How Culture Works

November 22, 2017
Posted by Jay Livingston

Some sociology profs give an assignment that requires students to go out and prank someone. It’s called a “breaching experiment,” but basically, it’s pranking. And as I said in the two previous posts (here and here), despite the reasons professors give for the breaching assignment, it doesn’t really offer a lot of insight into the process of norm breaking and social control.

In the real world, culture and social control are much subtler and more powerful. Look at the experience of journalist Alif Batuman. Her parents are Turkish, but she grew up mostly in the U.S. She goes back to Turkey, and true to her Western ways, she does not wear a head scarf. That’s OK, sort of. Turkey is not Iran. There are no religious police enforcing some law about head scarves. But . . .

Because I spoke Turkish imperfectly, smiled a lot, and often travelled alone, I got a lot of lectures from men, particularly taxi-drivers. Some were secularists; others, those with the most religious paraphernalia in their cars, didn't try to make conversation. That still left many outgoing, casually Muslim drivers who took the time to explain to me how great the head scarf was — how it was “actually a beautiful thing.” For a woman to cover her head, they said, was in fact a feminist gesture, because it made clear she was demanding respect. There weren't the same misunderstandings as with a woman whose head was uncovered.
    I usually didn’t reply. . . But once, when a driver pressed me particularly jovially for an opinion, I said something like “I think all women should be respected. It shouldn’t depend on their hair.”
    The driver replied that I was absolutely right, that of course women should be respected, and that the head scarf was the best way for women to remind men of this necessity for respect. Men, after all, were worse than women: they could sometimes forget themselves, and then unfortunate things could happen, “even”—he said in a hushed voice, adding that he didn’t like to mention such things in front of me—“even rape.”

The driver probably does not see himself as an agent of social control, a head-scarf cop.
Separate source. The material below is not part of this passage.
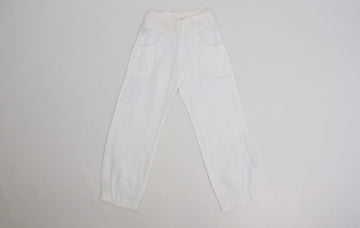 White 100% Linen Cuffed-Leg Pants | Sizes XS, S & XXL | Brand New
He’s just offering – along with his view of what the scarf means – a bit of advice. She is breaking a cultural norm, and he is advising her about the ways of the local culture.

Batuman continued to go without the headscarf, mostly because of her feelings about the Erdoğan, the president of Turkey, and his religious anti-feminism. “Patriarchy — I could never forgive Erdoğan for saying those things about women. And, because he said them in the name of Islam, I couldn’t forgive Islam, either.”
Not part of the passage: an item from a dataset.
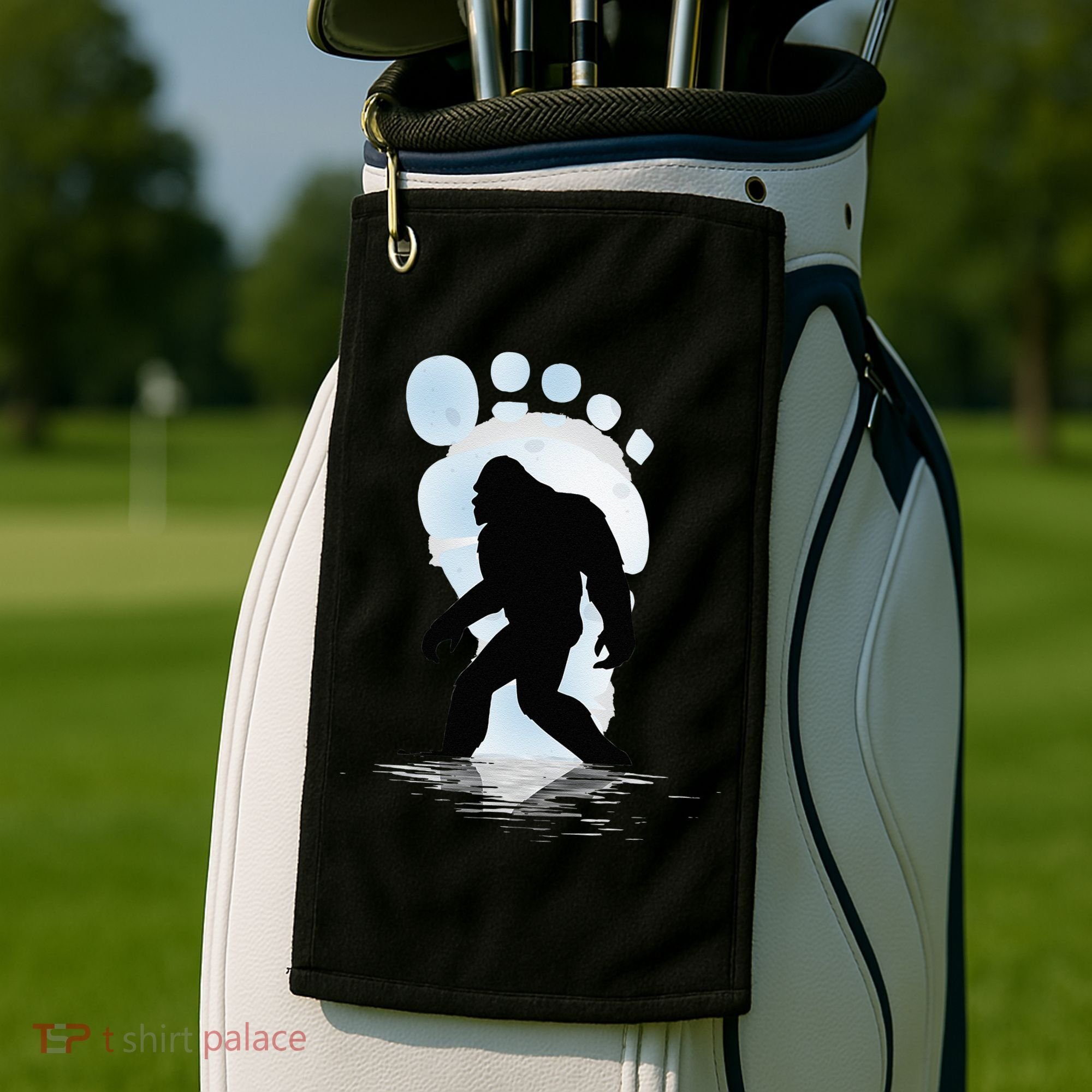 Sasquatch Footprint Moon Light Bigfoot Lovers Gifts Golf Towel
Later, Batuman goes to an archeological site in Urfa. Again she encounters those little questions and comments that let her know she is breaking the norms.

I seemed to be the only unaccompanied woman at my hotel. When I told the clerk I was staying for six days, he almost had a heart attack. “Six days?” he repeated. “All by yourself?” . . . All the time I was in Urfa, whenever I saw any member of the hotel staff in the halls or the lobby, I always received the same greeting: “Oh, you’re still here?”
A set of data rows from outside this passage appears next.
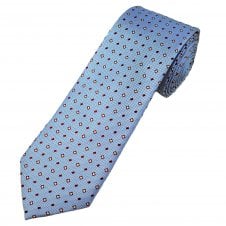 Tresanti Celeste Light Blue, Silver & Burgundy Pattern Men's Silk Tie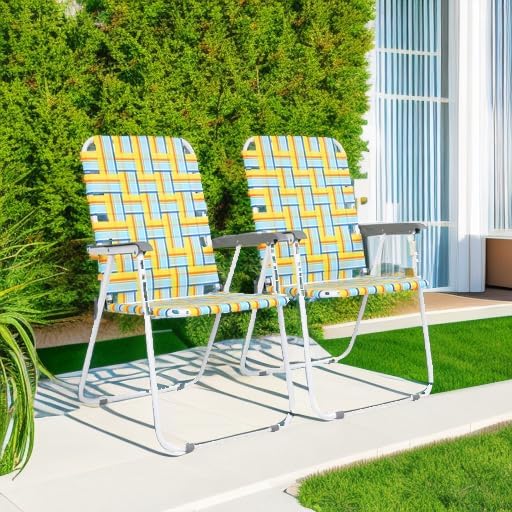 VINGLI Patio Lawn Webbed Folding Chairs Set of 4, Outdoor Beach Chair Portable Dining Chair for Outdoor Yard, Garden (Yellow, Classic) - Image 5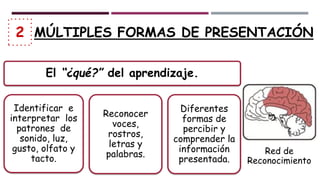 Red de
Reconocimiento
El “¿qué?” del aprendizaje.
Identificar e
interpretar los
patrones de
sonido, luz,
gusto, olfato y
tacto.
Reconocer
voces,
rostros,
letras y
palabras.
Diferentes
formas de
percibir y
comprender la
información
presentada.
MÚLTIPLES FORMAS DE PRESENTACIÓN
2
 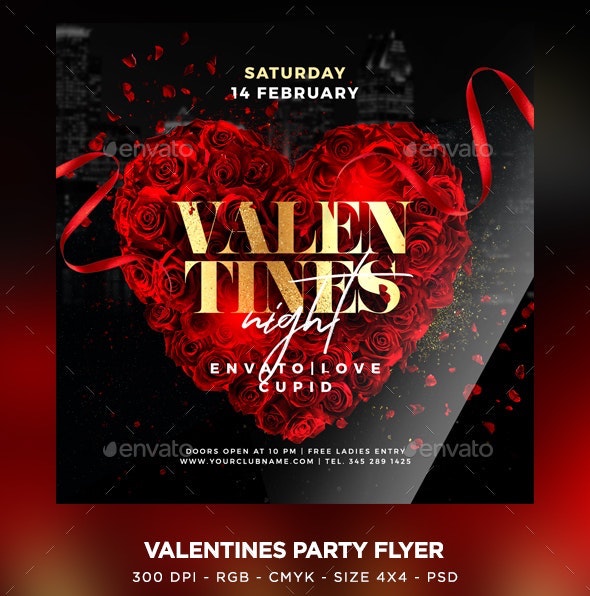 classy valentines party flyer psd template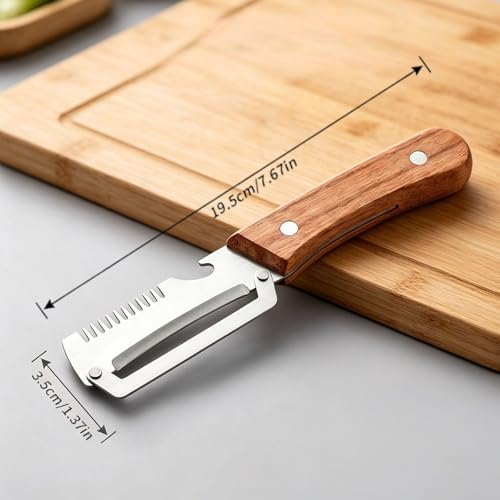 2Pcs Multifunctional Vegetable Peelers, Stainless Steel Wide Blade Potato and Carrot Peeler, 3-in-1 Veggie Peeler With Scallion Shredder and Bottle Opener for Kitchen, Camping and Trave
She is a walking insult to the local culture. It’s not a huge insult, but it’s more than a “micro-aggression.” Her intent is not to insult; she just wants to be herself. The local people for their part are tolerant – or at least not repressive. But they are also not helpful, warm, and accommodating to this stranger. (Sort of like Parisians back in the 20th century.) In the gender-segregated restaurant, the waiter watches the TV and seems to ignore her. When she smiles and waves to the women at another table, they do not wave back.

But culture is not just a matter of negative sanctions. A smile too is a form of social control, positive and pleasant. It tells us we’re doing the right thing. And because it is pleasant, it nudges us to want to continue doing right things. 

One day, when I had been visiting Abraham’s cave, I forgot to take the scarf off. Walking back through the park, I almost immediately felt that something was different. I passed two beautiful young women in scarves, walking arm-in-arm and laughing about something. When I looked at them, they looked right back into my face and met my eyes, still smiling, as if we were all in the presence of a great joke. I realized that no young women had met my eyes or smiled at me in Urfa till then. As I walked on, I felt a rising sense of freedom, as if for the first time I could look wherever I wanted and not risk receiving a hostile glance. So I kept the scarf on. And then I went back into the city.

This isn’t a scientific study; I didn’t try it multiple times, or measure anything. All I have is my subjective impression, which is this: walking through the city with a head scarf was a completely different experience. People were so much nicer. Nobody looked away when I approached. I felt less jostled; men seemed to step aside, to give me more room. When I went into a store, a man held the door for me, and I realized that it was the first time anyone had reached a door before me without going in first and letting it shut in my face. Most incredibly, when I got to a bus stop shortly after the bus had pulled away, the departing vehicle stopped in the middle of the street, the door opened, and a man reached out his hand to help me in, calling me “sister.” It felt amazing. To feel so welcomed and accepted and safe, to be able to look into someone’s face and smile, and have the smile returned — it was a wonderful gift.

This is how culture works. And we are all its agents, gently steering people into doing things the right way.

The quoted passages are from Batuman’s article “Cover Story” in The New Yorker, Feb. 8 and 15, 2016.